● Assigned task
Each line below needs to be returned exactly. Skip any picture.
------------------------------------------------------------
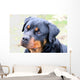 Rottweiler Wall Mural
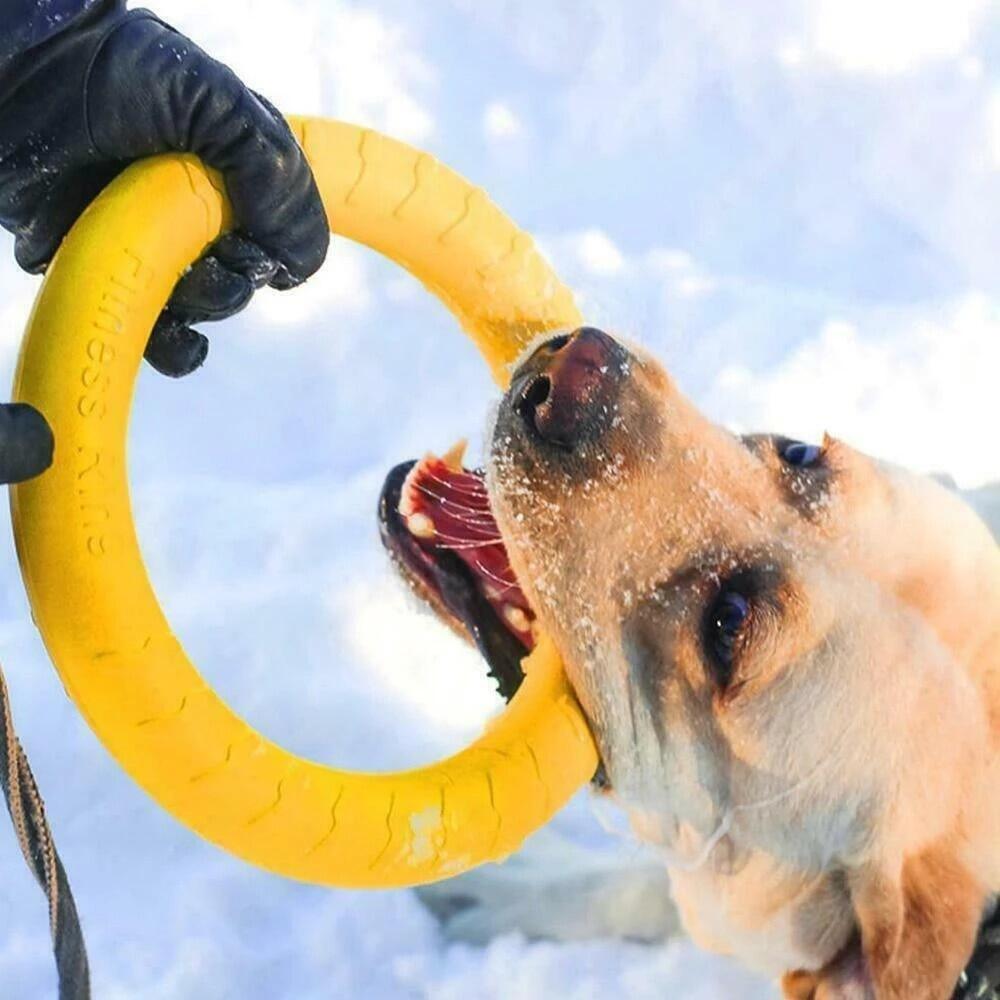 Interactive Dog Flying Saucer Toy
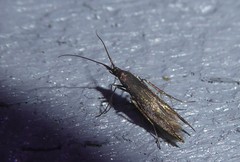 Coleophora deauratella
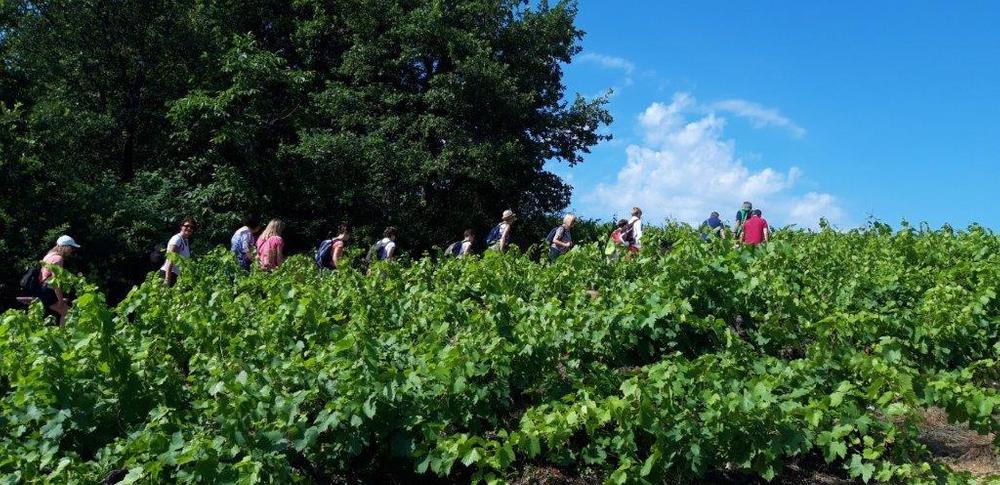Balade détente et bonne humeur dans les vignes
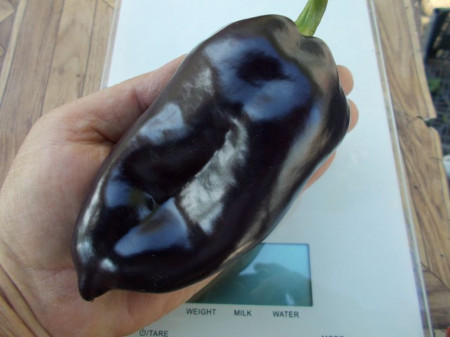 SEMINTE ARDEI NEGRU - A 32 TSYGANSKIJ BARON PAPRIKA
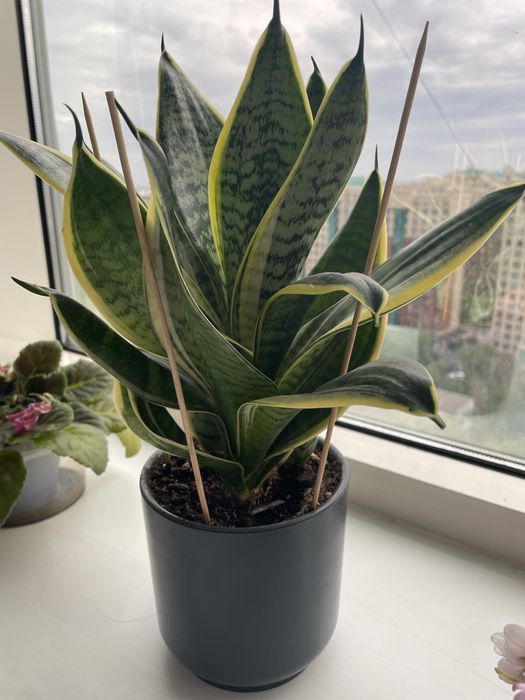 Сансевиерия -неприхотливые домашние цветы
------------------------------------------------------------
● Problem solution
 Rottweiler Wall Mural
 Interactive Dog Flying Saucer Toy
 Coleophora deauratella
Balade détente et bonne humeur dans les vignes
 SEMINTE ARDEI NEGRU - A 32 TSYGANSKIJ BARON PAPRIKA
 Сансевиерия -неприхотливые домашние цветы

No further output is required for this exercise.